Sicherheit nach Schily
Schwierig wird die Sache allerdings dadurch, dass genau dieselben Bürger wenig Lust haben, sich den Kopf darüber zu zerbrechen, worin die zentralen Gefährdungen ihrer Sicherheit bestehen. Man will seine Ruhe haben und sich nicht angesichts irgendwelcher Albtraumszenarien ängstigen. Das ist verständlich, doch für die politischen „Produzenten“ von Sicherheit erwächst genau daraus das Problem. Es ist ihre Aufgabe, die inneren und äußeren Bedrohungen, mit denen es unsere Gesellschaft zu tun hat, illusionslos zu analysieren, um ihnen begegnen zu können. Sie wissen, sie würden mitleidslos „gekreuzigt“ (Jürgen Krönig), käme die Öffentlichkeit beispielsweise nach verheerenden Terroranschlägen zu dem Schluss, sie hätten sich vorab nicht genug darum gekümmert, die Katastrophe zu verhindern. Sprechen sie aber, bevor etwas passiert (und um dies zu verhindern), über mögliche Verheerungen und erforderliche Gegenmittel, dann geraten sie schnell in die Rolle des Miesmachers, der bei schönstem Sonnenwetter vom Schneematsch des kommenden Winters redet.
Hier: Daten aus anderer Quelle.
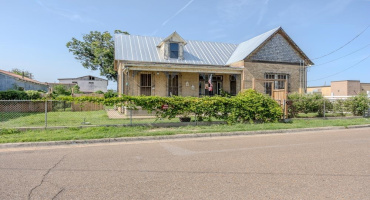 505 Lincoln St, Laredo, Texas 78040, ,2 BathroomsBathrooms,Commercial retail/office,For Sale,505 Lincoln St,20263035 505 Lincoln St, Laredo, Texas 78040, ,2 BathroomsBathrooms,Commercial retail/office,For Sale,505 Lincoln St,20263035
Die SPD wiederum darf nicht der umgekehrten Versuchung nachgeben, als von innenpolitischer Verantwortung „befreite“ Post-Schily-Partei summarisch diejenigen als doom prophets abzukanzeln, die zentrale Bedrohungen der Sicherheit unserer Gesellschaft mit Nachdruck zur Sprache bringen. An Wolfgang Schäuble und seinen Visionen eines konservativen Sicherheitsstaates gibt es jede Menge auszusetzen. Aber daraus folgt keineswegs, dass die vom Bundesinnenminister thematisierten Bedrohungen nicht existierten. „Müsste die SPD heute das Bundesinnenministerium übernehmen, wäre sie vollkommen orientierungslos“, warnt Hans-Jürgen Lange in diesem Heft. Richtig ist jedenfalls, dass die Sozialdemokratie schon aus strategischen Gründen ein dringendes Interesse daran haben muss, in Fragen der Inneren Sicherheit nicht regelmäßig als bloße Bremserin der Kalküle anderer dazustehen. Das Motto einer genuin sozialdemokratischen Sicherheitsdoktrin hat vor Jahren schon Olaf Scholz formuliert: „Liberal, aber nicht doof“, lautet es. Die SPD wird hart arbeiten müssen, um dieses Leitmotiv unter den Bedrohungsbedingungen der Gegenwart inhaltlich auszubuchstabieren. Die Zeit läuft.